Almost 30 percent of Arizona voters are undecided two months before the presidential election, with Sen. John McCain, R-Ariz., garnering 40 percent of the vote and Sen. Barack Obama, D-Ill., 30 percent, according to a recent Cronkite/Eight Poll.

The poll surveyed 402 registered Arizona voters, with a 5 percent margin of error.

The undecided vote is high this late in the campaign, but Poll Director Bruce Merrill said that is likely to change after this week’s Democratic National Convention and next week’s Republican National Convention.

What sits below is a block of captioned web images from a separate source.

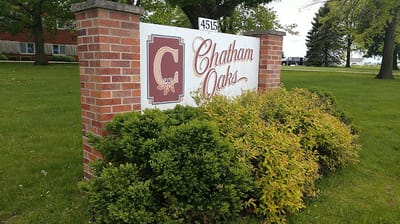 Exterior sign of Chatham Oaks facility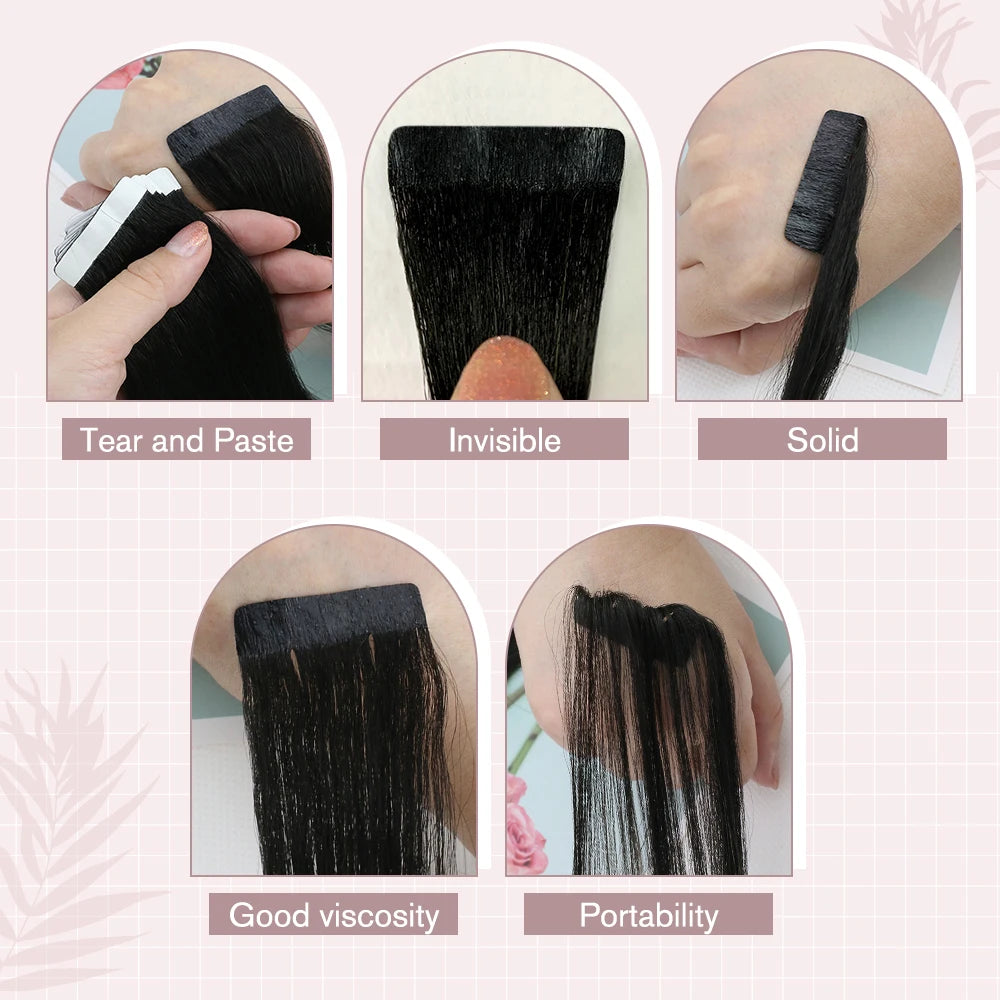 Ugeat Tape Hair Extensions Human Real Natural Brazilian Remy Straight Seamless Skin Weft Women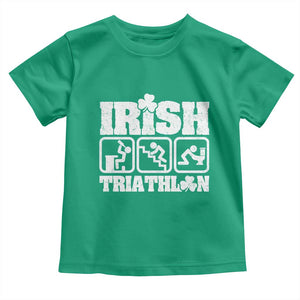 Irish Triathlon Funny Drinking Challenge Toddler T Shirt St Patricks Day Beer Party Humor TS02 Irish Green Print Your Wear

“The Dems will get a bounce nationwide and in Arizona after their convention,” Merrill said. “Then the Republicans will get a bump after their convention. After that, in Arizona, it will most likely stay the same, but nationwide, the election will get closer.”

Tara Blanc, associate director of the Cronkite/Eight poll, said one of the reasons for the high undecided rate is because of conflicts within both parties.

“A lot of Clinton supporters are still disappointed,” she said. “They aren’t just ready to cast their vote, and McCain doesn’t have the far right on his side. He stands for some things that make the far right uncomfortable and hasn’t solidified the vote with them.”

Marketing junior Duncan Carey founded ASU Students for Liberty, an organization that promotes limited government.

He said the purpose of his organization is to give people a choice other than the usual mainstream Democratic or Republican candidate.

The large number of undecided voters is a product of lack of choice, he said. Two percent of voters support independent candidate Ralph Nader and less than one percent support Libertarian candidate Bob Barr, according to the poll.

“People are apathetic because no one speaks to them,” Carey said. “They get tired of voting for the lesser of two evils.”

Carey said there isn’t much difference between Obama and McCain.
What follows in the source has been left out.